Isom and El-Amin started by explaining how they got into the work they do with Black in Appalachia today. 

Black in Appalachia is a non-profit organization that aims to document the history and oral traditions of Black communities across the Appalachian region.

“I cut my teeth on researching Black history by trying to trace my own family’s narrative back into enslavement,” Isom said. “And I got really good at it.” 

El-Amin, who is originally from Guyana, South America, came into the field during her graduate studies at the University of Tennessee, Knoxville.

 “I started grappling with disparities that I was seeing in the Black community that I felt were glaring, but I wasn’t hearing as part of the local discussion,” El-Amin said. “It was driving me crazy that nobody was talking about it.” 

Both Isom and El-Amin mentioned the influence of “Blacks in Appalachia” by William H. Turner who Isom refers to as “the godfather of Black Appalachian studies.”

Isom compared the work that Black in Appalachia does to making a quilt. 

“A lot of times we just have scraps of our history spread out across geography. A lot of what we do is grab everything that we can to try to tell this narrative,” Isom said.

Black in Appalachia constructs these narratives through the creation of documentary films, research projects, exhibitions, GIS mapping, community databases, census compilation and through the “Black in Appalachia” podcast. They used an analogy of two mountains to illustrate what they do. One mountain represents the official narrative including courthouse documents and census records, the other represents vernacular histories and oral traditions and in the middle where the two meet sits a holler where the closest thing to the truth lives. 

Isom and El-Amin discussed gathering these oral traditions by getting a group of community elders together and allowing them to bounce memories and stories off each other. Through these group discussions and gathering historical records, El-Amin talked about being able to reconstruct maps of a Black neighborhood in Knoxville that had been destroyed by urban renewal.

“Over many years of collecting these stories and oral histories that we’ve gotten from communities, we started thinking about how to get these stories out into the public more,” El-Amin, host of the “Black in Appalachia” podcast said. “So we started working on the podcast in 2019 to capture younger audiences.”

The podcast is preparing for its third season and has been recognized by The New York Times, Time Magazine and CNN’s United Shades of America. Topics covered on the podcast range from historical to contemporary and have covered everything from migration stories to stories of drag shows to political candidates.

Leah Matney

Isom went on to discuss a project that Black in Appalachia worked on in partnership with the Watauga High School History Club in 2020. Students in the History Club transcribed Watauga County census data from 1860 and 1870 to try to piece together the history of Black people in Watauga County. 

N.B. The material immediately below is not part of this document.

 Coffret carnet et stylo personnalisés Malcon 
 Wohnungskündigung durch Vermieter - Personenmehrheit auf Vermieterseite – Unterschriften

“Growing up in this region, I always perceived Appalachia as being white,” said Alex Vasquez, a student who worked on the project. “Through this project I got to see that it really is not. There’s a lot more diversity and it’s rooted in our history. It’s super important to acknowledge that.” 

El-Amin wrapped up the discussion by talking about what her goal is in doing this work. She said that often when you look at certain Appalachian communities today, it’s easy to think that there never were any Black people there, but this is not the case. In some places such as Erwin, Tennessee and Spruce Pine, NC there were expulsions of Black communities . 

“One of the things we wanted to highlight in telling you all about the work we do and how we do it is to encourage you to do similar work wherever you are,” El-Amin said “Even when the story is bad, it’s important to know it.”